Whenever a picture appears, leave it out while repeating all the other data exactly.

====== Dataset excerpt

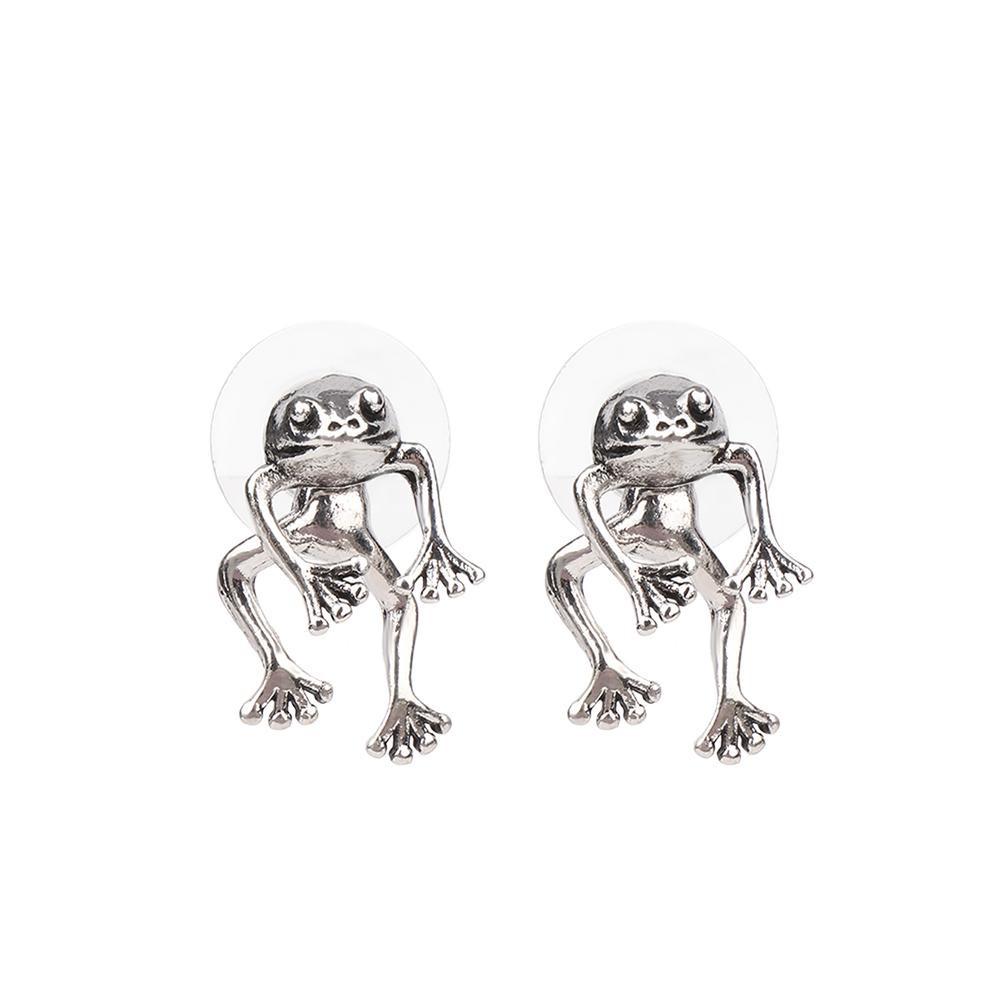 Khuyên tai thiết kế hình ếch thời trang độc đáo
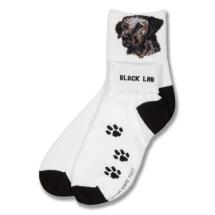 Labrador Black Head Socks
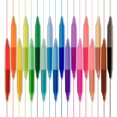 thumbnail image 4 of Juego de rotuladores INNMUSE, 36 colores, doble cara, lavable con funda para niños, 4 of 5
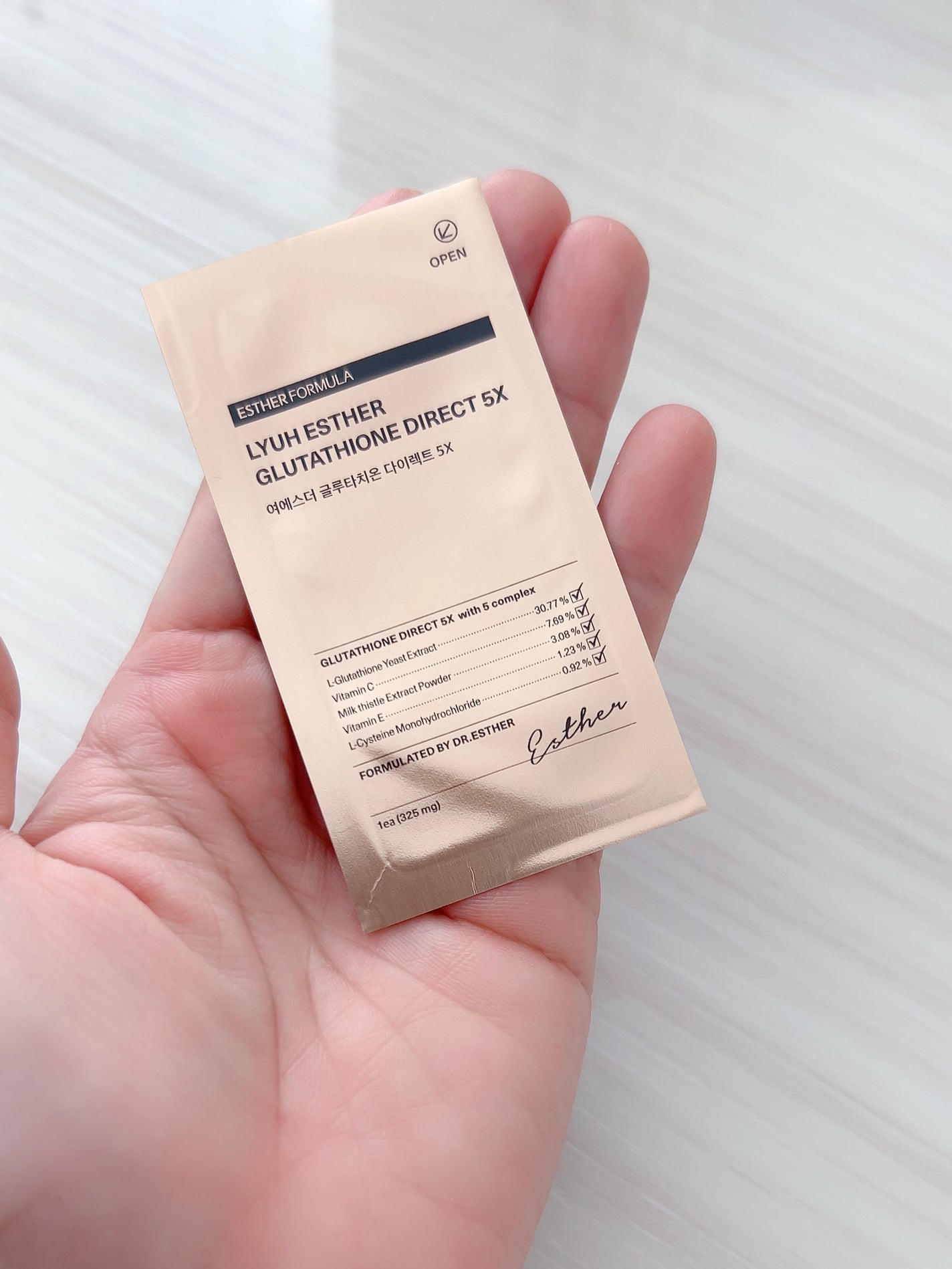 ヨエスターグルタチオンダイレクト5X/ESTHER FORMULA/美容サプリメントを使ったクチコミ(2枚目)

============

*Result below:*
 Khuyên tai thiết kế hình ếch thời trang độc đáo
 Labrador Black Head Socks
 thumbnail image 4 of Juego de rotuladores INNMUSE, 36 colores, doble cara, lavable con funda para niños, 4 of 5
 ヨエスターグルタチオンダイレクト5X/ESTHER FORMULA/美容サプリメントを使ったクチコミ(2枚目)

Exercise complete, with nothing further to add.